Whether you're shooting in the 70s or still chasing your first round under 100, these seven fundamentals apply to every player at every level.

1. Grip Pressure and Hand Position

Your grip is the only point of contact between you and the club. Hold the club too tight and you restrict wrist hinge and clubhead speed. Too loose and you lose control at impact. Aim for a grip pressure of about 5 out of 10 — firm enough to maintain control, relaxed enough to allow fluid motion.

Check that the club runs diagonally across the fingers of your lead hand, not deep in the palm. A palm grip kills wrist action and costs you distance.

2. Stance Width and Ball Position

Your stance should be roughly shoulder-width for mid-irons, slightly wider for driver, and narrower for short irons and wedges. Ball position shifts forward (toward your lead foot) as the club gets longer:

  • Driver: Inside lead heel
  • Mid-irons (5–7): Just forward of centre
  • Short irons and wedges: Centre of stance

3. Posture and Spine Angle

Stand tall, then hinge forward from your hips — not your waist. Your spine should be relatively straight with a slight natural curve in the lower back. Knees are softly flexed, and your weight is balanced across the balls of your feet. Avoid slouching; a rounded spine kills rotation and causes off-centre strikes.

4. The Takeaway

The first 18 inches of your backswing set the tone for everything that follows. Move the club back with your shoulders, arms, and hands working together as a unit. Avoid picking the club up steeply or rolling it flat and inside too early. Think of your hands staying low and the clubhead staying outside the hands as long as possible.

5. Hip and Shoulder Turn

A full shoulder turn (around 90°) against a resisting hip turn creates the coil that powers the golf swing. Many amateur golfers sway laterally instead of rotating, which destroys power and consistency. Practise turning your lead shoulder toward the ball on the backswing — if you can feel it pointing at the ball at the top, you've made a proper turn.

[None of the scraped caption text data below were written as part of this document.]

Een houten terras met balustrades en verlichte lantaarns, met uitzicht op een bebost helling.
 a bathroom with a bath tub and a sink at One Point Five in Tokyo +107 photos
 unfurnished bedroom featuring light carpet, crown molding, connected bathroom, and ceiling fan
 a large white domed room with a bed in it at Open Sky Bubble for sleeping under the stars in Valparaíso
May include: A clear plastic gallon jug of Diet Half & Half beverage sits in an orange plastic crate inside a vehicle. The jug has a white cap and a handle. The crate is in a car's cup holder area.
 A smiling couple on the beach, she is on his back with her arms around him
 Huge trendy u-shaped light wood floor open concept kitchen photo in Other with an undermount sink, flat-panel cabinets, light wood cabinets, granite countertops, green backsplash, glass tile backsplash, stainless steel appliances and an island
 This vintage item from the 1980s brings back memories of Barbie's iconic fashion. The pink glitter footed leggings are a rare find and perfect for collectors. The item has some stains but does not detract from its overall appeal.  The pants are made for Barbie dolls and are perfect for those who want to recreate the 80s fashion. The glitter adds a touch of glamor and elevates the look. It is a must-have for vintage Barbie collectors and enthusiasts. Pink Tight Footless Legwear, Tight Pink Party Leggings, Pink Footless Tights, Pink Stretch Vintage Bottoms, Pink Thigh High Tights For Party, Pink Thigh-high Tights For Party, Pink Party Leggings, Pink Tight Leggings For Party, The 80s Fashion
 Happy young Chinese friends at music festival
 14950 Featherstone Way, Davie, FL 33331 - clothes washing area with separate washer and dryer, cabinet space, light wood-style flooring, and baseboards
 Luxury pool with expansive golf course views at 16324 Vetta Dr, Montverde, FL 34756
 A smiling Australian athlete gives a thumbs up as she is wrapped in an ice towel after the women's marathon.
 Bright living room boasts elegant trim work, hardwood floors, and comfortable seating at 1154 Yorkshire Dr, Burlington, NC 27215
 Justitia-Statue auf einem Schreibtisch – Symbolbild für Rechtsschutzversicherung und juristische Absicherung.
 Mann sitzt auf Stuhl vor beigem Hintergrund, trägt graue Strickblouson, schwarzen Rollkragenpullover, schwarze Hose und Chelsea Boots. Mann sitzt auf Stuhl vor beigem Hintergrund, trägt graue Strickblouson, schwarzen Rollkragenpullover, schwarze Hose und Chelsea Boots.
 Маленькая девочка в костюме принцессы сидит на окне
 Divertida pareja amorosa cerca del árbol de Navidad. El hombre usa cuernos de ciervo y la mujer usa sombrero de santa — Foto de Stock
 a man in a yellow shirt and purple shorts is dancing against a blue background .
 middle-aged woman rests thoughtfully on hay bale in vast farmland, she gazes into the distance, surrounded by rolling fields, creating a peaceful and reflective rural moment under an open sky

6. Downswing Sequence: Lower Body First

The most common swing fault among recreational golfers is starting the downswing with the shoulders. The correct sequence is:

  1. Lead hip shifts and rotates toward the target
  2. The torso and arms follow
  3. The hands and club arrive last — delivering speed at impact

This "kinematic sequence" is the source of lag and clubhead speed. Getting it wrong is the number one cause of slices and topped shots.

7. Impact Position and Follow-Through

At impact, your lead wrist should be flat (not cupped), your hips should be open to the target, and your weight should be shifting onto your lead foot. A full, balanced follow-through — finishing with your belt buckle facing the target and weight on your lead side — is not just cosmetic. It confirms that everything before it happened correctly.

Putting It All Together

Don't try to fix all seven at once. Pick the one that feels most broken in your game, work on it deliberately for a few sessions, and then move to the next. Lasting improvement is built one layer at a time. Record your swing on your phone, compare it to these checkpoints, and you'll identify the root cause of your biggest misses faster than any range lesson ever could.